Records drawn from a dataset:
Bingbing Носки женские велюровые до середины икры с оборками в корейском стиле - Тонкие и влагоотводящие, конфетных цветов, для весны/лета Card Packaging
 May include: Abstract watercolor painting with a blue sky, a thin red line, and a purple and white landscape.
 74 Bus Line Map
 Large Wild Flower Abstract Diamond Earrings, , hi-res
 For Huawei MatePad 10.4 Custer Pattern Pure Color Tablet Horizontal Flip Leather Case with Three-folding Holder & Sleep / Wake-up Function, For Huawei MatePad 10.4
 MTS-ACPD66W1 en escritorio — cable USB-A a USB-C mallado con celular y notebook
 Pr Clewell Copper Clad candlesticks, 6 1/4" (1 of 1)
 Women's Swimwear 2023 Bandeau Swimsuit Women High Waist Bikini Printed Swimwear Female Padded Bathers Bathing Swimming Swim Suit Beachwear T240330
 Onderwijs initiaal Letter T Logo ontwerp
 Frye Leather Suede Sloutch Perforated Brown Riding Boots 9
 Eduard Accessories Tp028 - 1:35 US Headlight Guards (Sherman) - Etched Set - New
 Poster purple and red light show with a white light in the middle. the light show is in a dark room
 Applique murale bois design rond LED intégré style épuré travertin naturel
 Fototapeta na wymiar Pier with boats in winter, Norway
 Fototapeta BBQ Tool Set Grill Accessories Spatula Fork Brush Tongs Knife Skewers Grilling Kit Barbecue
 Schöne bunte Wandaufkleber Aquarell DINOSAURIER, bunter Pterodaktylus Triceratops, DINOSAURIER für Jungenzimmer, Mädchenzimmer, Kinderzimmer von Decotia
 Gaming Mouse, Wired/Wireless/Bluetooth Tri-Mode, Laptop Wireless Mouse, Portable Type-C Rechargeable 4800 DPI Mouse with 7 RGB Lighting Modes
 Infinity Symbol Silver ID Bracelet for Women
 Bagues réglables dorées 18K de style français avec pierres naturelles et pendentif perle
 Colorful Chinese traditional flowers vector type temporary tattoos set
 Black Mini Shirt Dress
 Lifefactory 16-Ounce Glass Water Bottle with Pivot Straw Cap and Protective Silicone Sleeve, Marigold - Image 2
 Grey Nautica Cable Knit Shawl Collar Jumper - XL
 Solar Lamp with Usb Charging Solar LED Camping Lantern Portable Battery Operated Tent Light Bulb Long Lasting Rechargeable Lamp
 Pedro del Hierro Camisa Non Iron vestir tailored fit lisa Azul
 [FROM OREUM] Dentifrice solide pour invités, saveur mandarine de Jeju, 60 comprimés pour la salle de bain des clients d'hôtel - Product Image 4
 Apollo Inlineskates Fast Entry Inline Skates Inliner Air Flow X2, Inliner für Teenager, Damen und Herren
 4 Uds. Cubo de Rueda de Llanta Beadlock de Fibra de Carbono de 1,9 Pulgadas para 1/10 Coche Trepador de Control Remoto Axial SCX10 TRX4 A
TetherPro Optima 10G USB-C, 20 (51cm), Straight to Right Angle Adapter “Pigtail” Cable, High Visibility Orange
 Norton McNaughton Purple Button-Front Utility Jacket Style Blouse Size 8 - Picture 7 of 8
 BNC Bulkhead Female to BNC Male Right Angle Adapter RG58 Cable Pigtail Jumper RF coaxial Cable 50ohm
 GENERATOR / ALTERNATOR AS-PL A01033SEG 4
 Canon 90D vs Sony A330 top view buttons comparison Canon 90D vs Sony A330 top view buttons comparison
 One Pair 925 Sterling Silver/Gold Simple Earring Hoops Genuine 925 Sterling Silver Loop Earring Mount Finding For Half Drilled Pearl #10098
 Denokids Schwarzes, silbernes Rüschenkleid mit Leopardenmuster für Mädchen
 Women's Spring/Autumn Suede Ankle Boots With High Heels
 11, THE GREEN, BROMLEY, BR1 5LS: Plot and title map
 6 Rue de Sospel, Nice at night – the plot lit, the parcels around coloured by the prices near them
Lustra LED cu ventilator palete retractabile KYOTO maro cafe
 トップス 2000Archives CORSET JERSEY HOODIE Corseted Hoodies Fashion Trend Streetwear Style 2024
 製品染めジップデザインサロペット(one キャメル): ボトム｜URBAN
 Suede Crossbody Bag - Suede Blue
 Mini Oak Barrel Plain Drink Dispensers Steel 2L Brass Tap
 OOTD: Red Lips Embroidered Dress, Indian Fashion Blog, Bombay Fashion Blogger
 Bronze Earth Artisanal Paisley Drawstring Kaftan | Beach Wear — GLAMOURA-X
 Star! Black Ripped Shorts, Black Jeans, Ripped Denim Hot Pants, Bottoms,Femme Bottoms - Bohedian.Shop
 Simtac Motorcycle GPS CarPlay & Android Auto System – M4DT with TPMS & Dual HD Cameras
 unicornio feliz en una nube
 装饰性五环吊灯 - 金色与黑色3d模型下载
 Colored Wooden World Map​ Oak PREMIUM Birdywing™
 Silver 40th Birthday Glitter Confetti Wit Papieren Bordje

_Task to complete_
Provide an exact transcription of every entry above.

_Solved problem_
Bingbing Носки женские велюровые до середины икры с оборками в корейском стиле - Тонкие и влагоотводящие, конфетных цветов, для весны/лета Card Packaging
 May include: Abstract watercolor painting with a blue sky, a thin red line, and a purple and white landscape.
 74 Bus Line Map
 Large Wild Flower Abstract Diamond Earrings, , hi-res
 For Huawei MatePad 10.4 Custer Pattern Pure Color Tablet Horizontal Flip Leather Case with Three-folding Holder & Sleep / Wake-up Function, For Huawei MatePad 10.4
 MTS-ACPD66W1 en escritorio — cable USB-A a USB-C mallado con celular y notebook
 Pr Clewell Copper Clad candlesticks, 6 1/4" (1 of 1)
 Women's Swimwear 2023 Bandeau Swimsuit Women High Waist Bikini Printed Swimwear Female Padded Bathers Bathing Swimming Swim Suit Beachwear T240330
 Onderwijs initiaal Letter T Logo ontwerp
 Frye Leather Suede Sloutch Perforated Brown Riding Boots 9
 Eduard Accessories Tp028 - 1:35 US Headlight Guards (Sherman) - Etched Set - New
 Poster purple and red light show with a white light in the middle. the light show is in a dark room
 Applique murale bois design rond LED intégré style épuré travertin naturel
 Fototapeta na wymiar Pier with boats in winter, Norway
 Fototapeta BBQ Tool Set Grill Accessories Spatula Fork Brush Tongs Knife Skewers Grilling Kit Barbecue
 Schöne bunte Wandaufkleber Aquarell DINOSAURIER, bunter Pterodaktylus Triceratops, DINOSAURIER für Jungenzimmer, Mädchenzimmer, Kinderzimmer von Decotia
 Gaming Mouse, Wired/Wireless/Bluetooth Tri-Mode, Laptop Wireless Mouse, Portable Type-C Rechargeable 4800 DPI Mouse with 7 RGB Lighting Modes
 Infinity Symbol Silver ID Bracelet for Women
 Bagues réglables dorées 18K de style français avec pierres naturelles et pendentif perle
 Colorful Chinese traditional flowers vector type temporary tattoos set
 Black Mini Shirt Dress
 Lifefactory 16-Ounce Glass Water Bottle with Pivot Straw Cap and Protective Silicone Sleeve, Marigold - Image 2
 Grey Nautica Cable Knit Shawl Collar Jumper - XL
 Solar Lamp with Usb Charging Solar LED Camping Lantern Portable Battery Operated Tent Light Bulb Long Lasting Rechargeable Lamp
 Pedro del Hierro Camisa Non Iron vestir tailored fit lisa Azul
 [FROM OREUM] Dentifrice solide pour invités, saveur mandarine de Jeju, 60 comprimés pour la salle de bain des clients d'hôtel - Product Image 4
 Apollo Inlineskates Fast Entry Inline Skates Inliner Air Flow X2, Inliner für Teenager, Damen und Herren
 4 Uds. Cubo de Rueda de Llanta Beadlock de Fibra de Carbono de 1,9 Pulgadas para 1/10 Coche Trepador de Control Remoto Axial SCX10 TRX4 A
TetherPro Optima 10G USB-C, 20 (51cm), Straight to Right Angle Adapter “Pigtail” Cable, High Visibility Orange
 Norton McNaughton Purple Button-Front Utility Jacket Style Blouse Size 8 - Picture 7 of 8
 BNC Bulkhead Female to BNC Male Right Angle Adapter RG58 Cable Pigtail Jumper RF coaxial Cable 50ohm
 GENERATOR / ALTERNATOR AS-PL A01033SEG 4
 Canon 90D vs Sony A330 top view buttons comparison Canon 90D vs Sony A330 top view buttons comparison
 One Pair 925 Sterling Silver/Gold Simple Earring Hoops Genuine 925 Sterling Silver Loop Earring Mount Finding For Half Drilled Pearl #10098
 Denokids Schwarzes, silbernes Rüschenkleid mit Leopardenmuster für Mädchen
 Women's Spring/Autumn Suede Ankle Boots With High Heels
 11, THE GREEN, BROMLEY, BR1 5LS: Plot and title map
 6 Rue de Sospel, Nice at night – the plot lit, the parcels around coloured by the prices near them
Lustra LED cu ventilator palete retractabile KYOTO maro cafe
 トップス 2000Archives CORSET JERSEY HOODIE Corseted Hoodies Fashion Trend Streetwear Style 2024
 製品染めジップデザインサロペット(one キャメル): ボトム｜URBAN
 Suede Crossbody Bag - Suede Blue
 Mini Oak Barrel Plain Drink Dispensers Steel 2L Brass Tap
 OOTD: Red Lips Embroidered Dress, Indian Fashion Blog, Bombay Fashion Blogger
 Bronze Earth Artisanal Paisley Drawstring Kaftan | Beach Wear — GLAMOURA-X
 Star! Black Ripped Shorts, Black Jeans, Ripped Denim Hot Pants, Bottoms,Femme Bottoms - Bohedian.Shop
 Simtac Motorcycle GPS CarPlay & Android Auto System – M4DT with TPMS & Dual HD Cameras
 unicornio feliz en una nube
 装饰性五环吊灯 - 金色与黑色3d模型下载
 Colored Wooden World Map​ Oak PREMIUM Birdywing™
 Silver 40th Birthday Glitter Confetti Wit Papieren Bordje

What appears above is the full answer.